TASK TO CARRY OUT
Return the line that has "アパート Serenityone - Centrally" and all lines below it through the last, exactly as they stand; omit pictures.

INFORMATION SUPPLIED
-=-=-

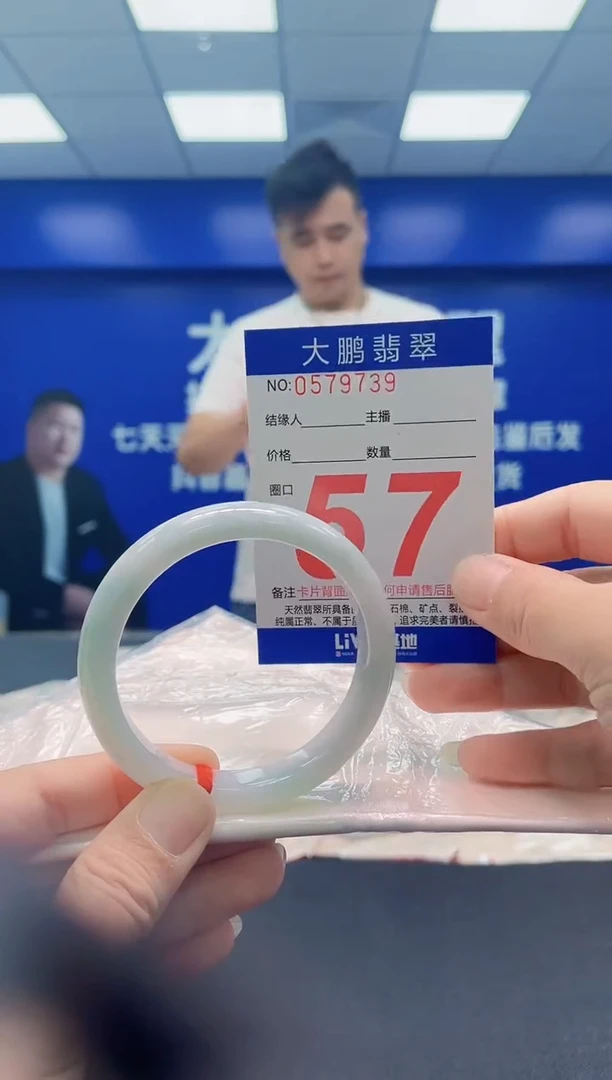 未镶嵌手镯翡翠AAAAAAAAA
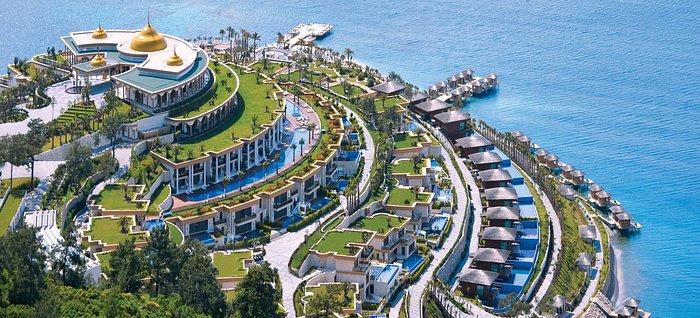 be premium bodrum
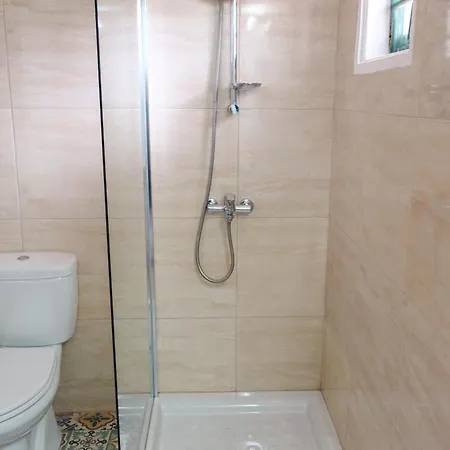 アパート Serenityone - Centrally Located One Bedroom *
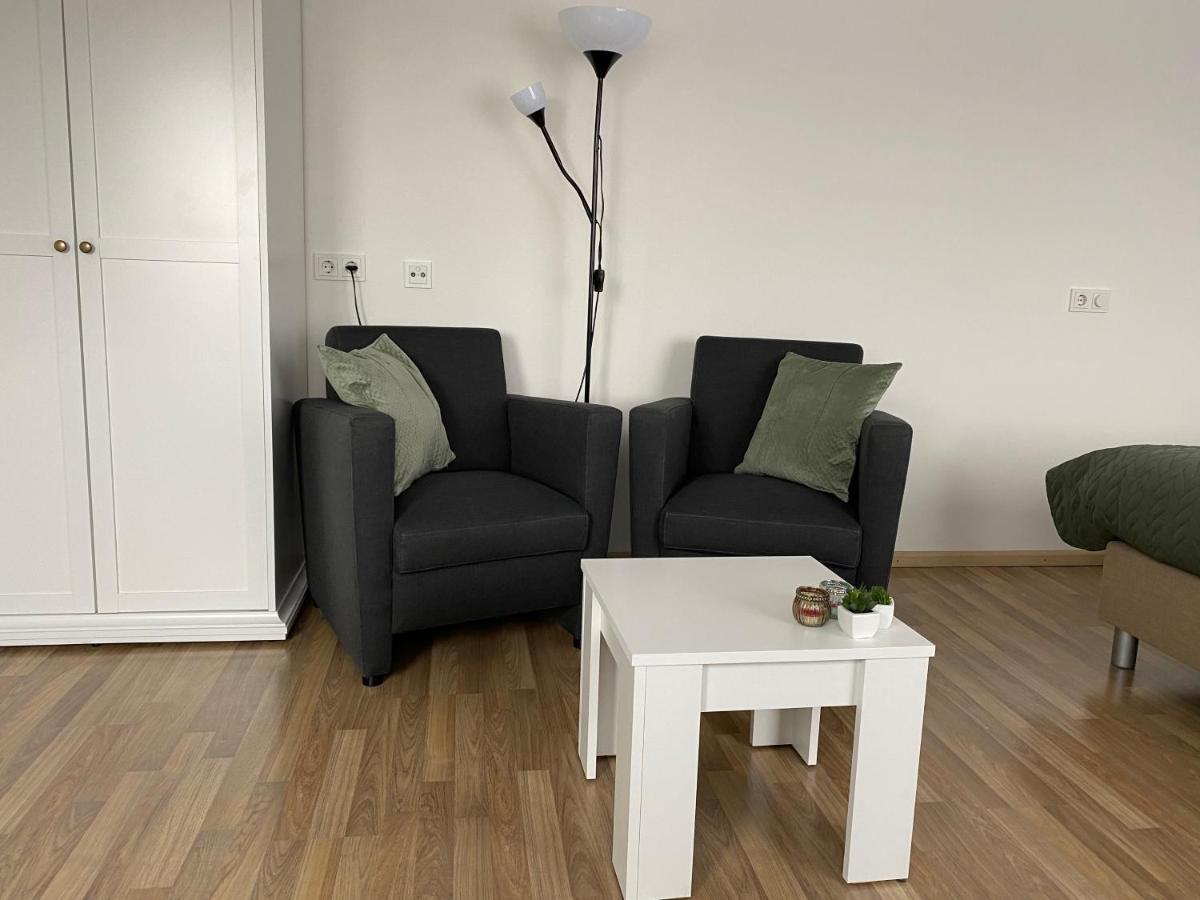 ווסטקפלה B&B Binisa מראה חיצוני תמונה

-=-=-

SOLUTION
 アパート Serenityone - Centrally Located One Bedroom *
 ווסטקפלה B&B Binisa מראה חיצוני תמונה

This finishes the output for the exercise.